Summary
Experiments in
animals have demonstrated that regulatory factors are able to stop
or delay tumor growth. These regulators are present in embryos of
ovipari and in pregnant uteri of mammals, when differentiative processes
are occurring and they are capable of activating anti-oncogene p53
in different tumor cells in vitro. The use of these regulatory network
in human therapy of cancer has demonstrated good effects on performance-status
and on progression of disease. These regulators are probably specific
for each kind of tumor. Cancer represents different deseases in which
are present different changes: activation of proto-oncogenes or, more
frequently, of oncogenes, repression or mutation of anti-oncogenes,
production of growth factors. Practically the program of cell differentiation
(or a part of this program) is cancelled in tumor cells.
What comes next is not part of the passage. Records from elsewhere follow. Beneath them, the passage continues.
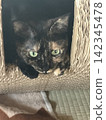 看 142345478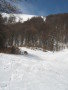 IMG-6573.jpg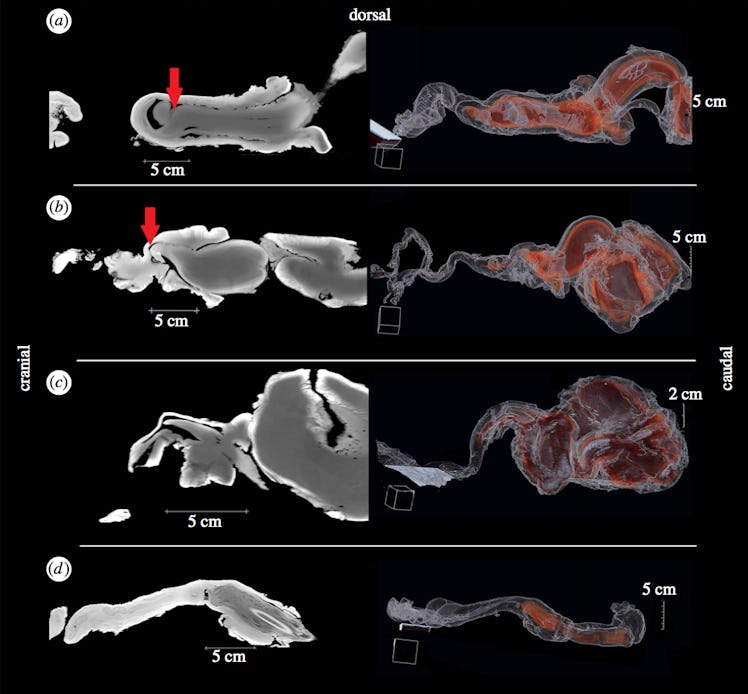 Дельфиндік пенис Дельфиндік пенис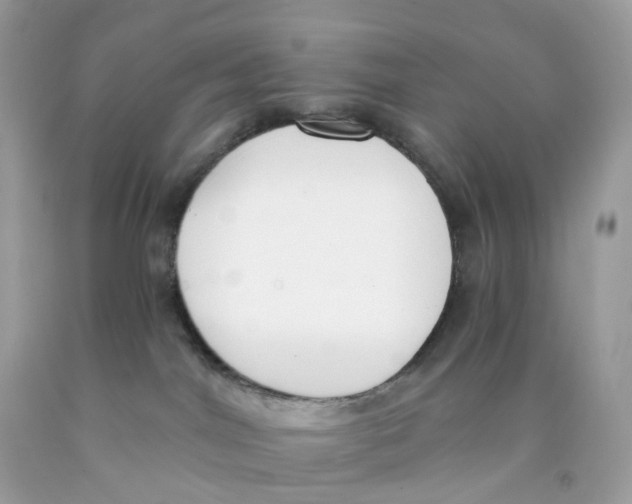X0000089830044200707262033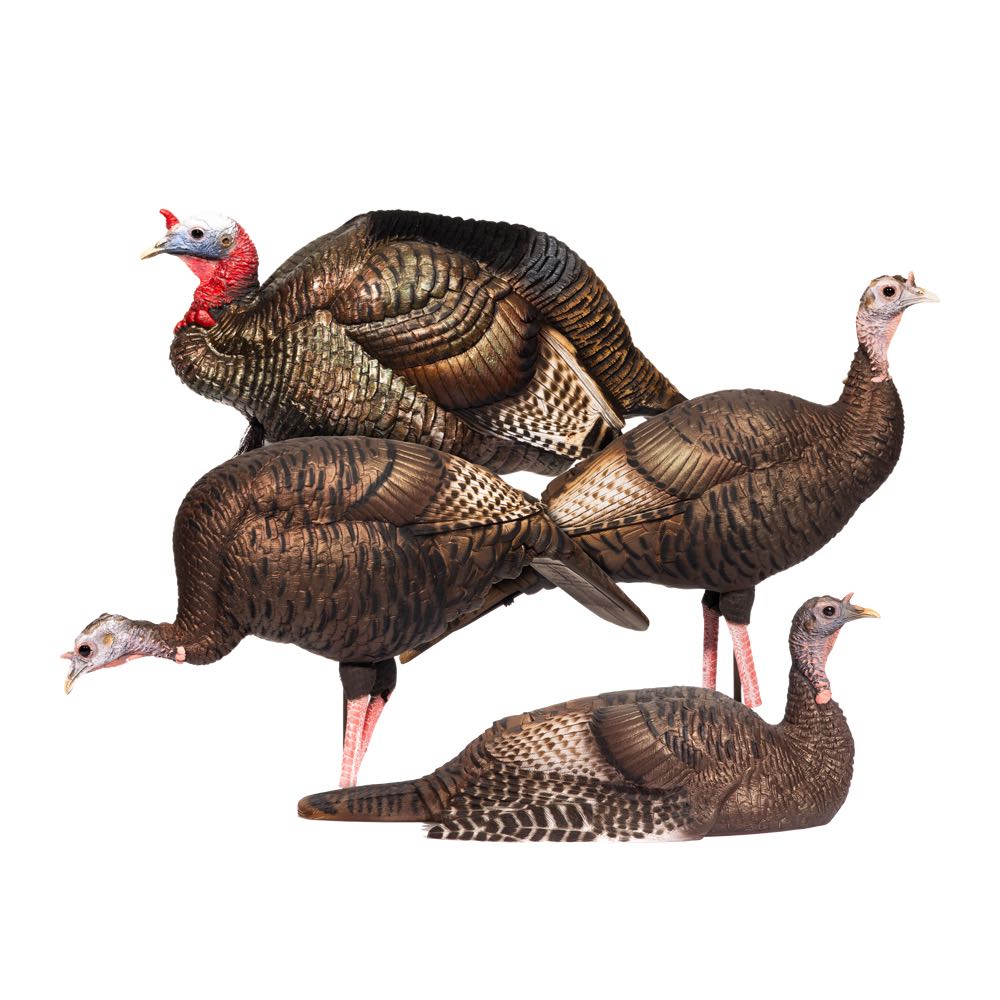 Four realistic brown turkey decoys: 1 tom, 2 standing hens, 1 lying hen.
This allowed
the expression of genes of multiplication, repressed in the course
of cell differentiation: in this sense cancer cells are similar to
embryonic mutated cells. Now if the therapeutic approach to cancer
is to regulate the multiplication of cells and normalize the process,
it is impossible to achieve this aim, by using single molecules. To
rewrite the cancelled program in cancer cells and thus to normalize
the process it is necessary to use the informative network of cell
differentiation. This means that we have to change the scientific
paradigm and to shift the emphasis from reductionism to complexity.